Discussion Questions
- 1
Paul urges the Christians in Corinth to “eagerly hope you get to experience some spiritual gifts—especially the gift of prophecy” (1 Corinthians 14:1). That seems to imply we can get a spiritual gift that we don’t currently have. Do you think we come with spiritual gifts embedded into our character, or are spiritual gifts something we can cultivate from nothing more than perhaps a tiny seed?
- 2
When Paul writes about “the gift of speaking in the heavenly language called tongues” (1 Corinthians 14:2), some Christians say he is referring to foreign languages, not to what is sometimes called “unknown languages” that sound like babbling. What clues in this chapter would you point to if you wanted to illustrate that Paul is talking about a language that is not native to earth?
- 3
If you’ve had some experience with churches or individual Christians practicing what is generally called “speaking in tongues,” what do you think about it?
- 4
Paul seems to imply that some people speaking in a heavenly language of tongues may not understand what they are saying (1 Corinthians 14:14). In other words, what’s coming out of their mouths sounds like babbling not only to the people around them but to themselves as well. If that’s true, what sense does that make?
- 5
Paul seems to be throwing a wet blanket on the practice of speaking in tongues during worship services in Corinth. “I’ll tell you this, in a church service I’d rather say five simple words that make sense to me rather than 10,000 words in a language no one on earth understands” (1 Corinthians 14:19). Why do you think Paul said this?
- 6
What do you make of 1 Corinthians 14:22, perhaps the most puzzling verse in this chapter? “The mysterious language of tongues isn’t a sign intended for God’s people, the believers. It’s for nonbelievers. Prophecy is just the opposite. It’s for believers, not for nonbelievers.”
- 7
When Paul describes what a worship service should look like he says, “Invite two or three speakers to deliver God’s message to the people” (1 Corinthians 14:29). The literal term for those speakers is “prophets.” Given the context, these prophets might seem to be more like a modern-day preacher or perhaps a layman giving a testimony in church, rather than an Old Testament prophet delivering a message he got from God in a vision or a dream. Which direction do you lean?
- 8
As Paul has done in some of his other letters, he tells women to cork it in church. “In all the churches where believers meet to worship, women need to worship silently. They aren’t allowed to talk” (1 Corinthians 14:33-34). Why on earth would Paul say something like this? Which option below best reflects your gut reaction?

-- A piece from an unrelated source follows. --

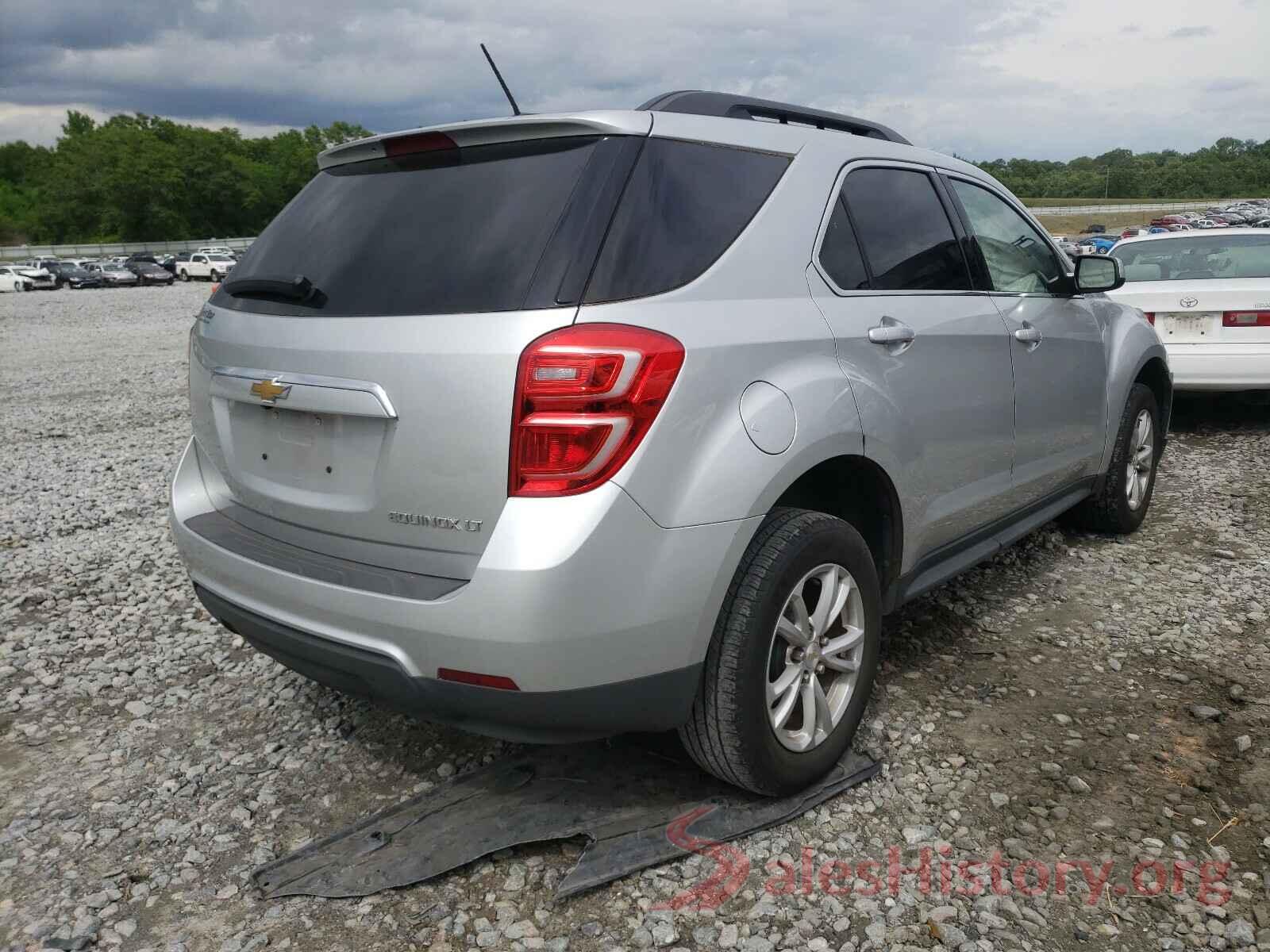 2GNALCEK5G1109325 2016 CHEVROLET EQUINOX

- He got dumped by his one true love.
- He has mama issues.
- He’s reacting to what may have been an ancient version of a women’s liberation movement that was in danger of becoming a distraction for the Christian movement.
- When it came to women, Paul was a product of his patriarchal, man-first culture.
- God told him that women should keep quiet during church worship services.
- What Paul taught then should apply to churches today.
- 9
LIFE APPLICATION. Which line from this chapter do you think is most relevant and most important for Christians worshiping in churches today? Here are some contenders.
- “Follow love wherever it goes. But along the way, eagerly hope you get to experience some spiritual gifts” (1 Corinthians 14:1).
- “Go ahead and speak in the heavenly language of tongues; don’t tell people they can’t do that” (1 Corinthians 14:39).
- “When you put it all together, keep it respectable and orderly” (1 Corinthians 14:40).